Octopuses use their intelligence not only to change the color and texture of their skin but also to control the sensors in their suckers to touch, taste, and smell their surroundings. As divers, this is probably their most appealing trait—most other organisms swim away or don't react to your presence, but these curious cephalopods seem to want to interact, watching you, watching them, trying to work out if you're predator or prey, or maybe a playmate. It is definitely a two-way encounter and it's one that is always cherished.

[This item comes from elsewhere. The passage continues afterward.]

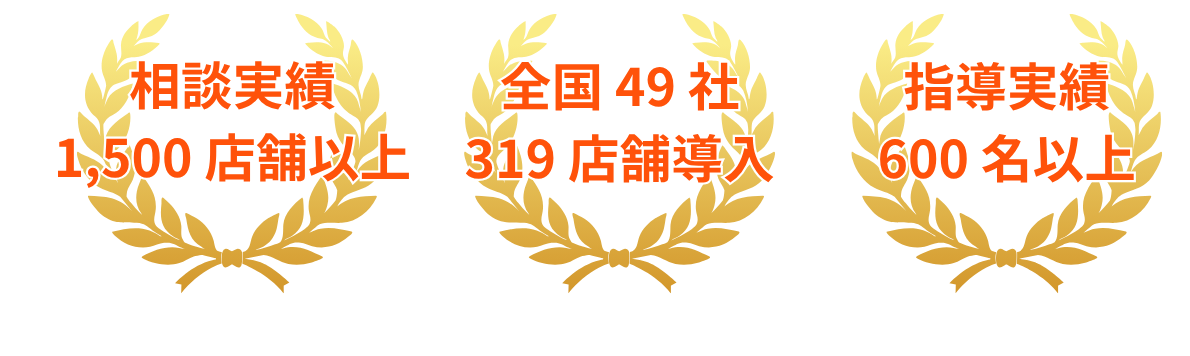 相談実績1,500店舗以上・全国45社300店舗導入・指導実績600名以上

Thanks to muscular, yet supple, boneless bodies and powerful suckers, GPOs are incredibly strong and nimble. There are over 2,000 suckers spread out across their eight arms, and the larger ones near the center of the body can lift more than 30 pounds. That’s the strength needed to pry open shellfish and crush hard-shelled crab, but it also helps them achieve other tricks they’ve been known to do like opening jars to get at crabby treats or lifting aquarium lids to escape! Those suckers really do act like suction cups by conforming to the shape of things they touch and contracting the surrounding muscles to create a suction.
There is still so much to learn about these creatures. Most recently, a research study found that when octopuses sleep, they have two stages akin to human’s REM and deep sleep stages. The octopuses in the study changed color from dark to pale as they switched back and forth between stages. It is exciting to think that they may be dreaming during REM just like us, but just like our pets who sometimes seem to be dreaming, we will never really know.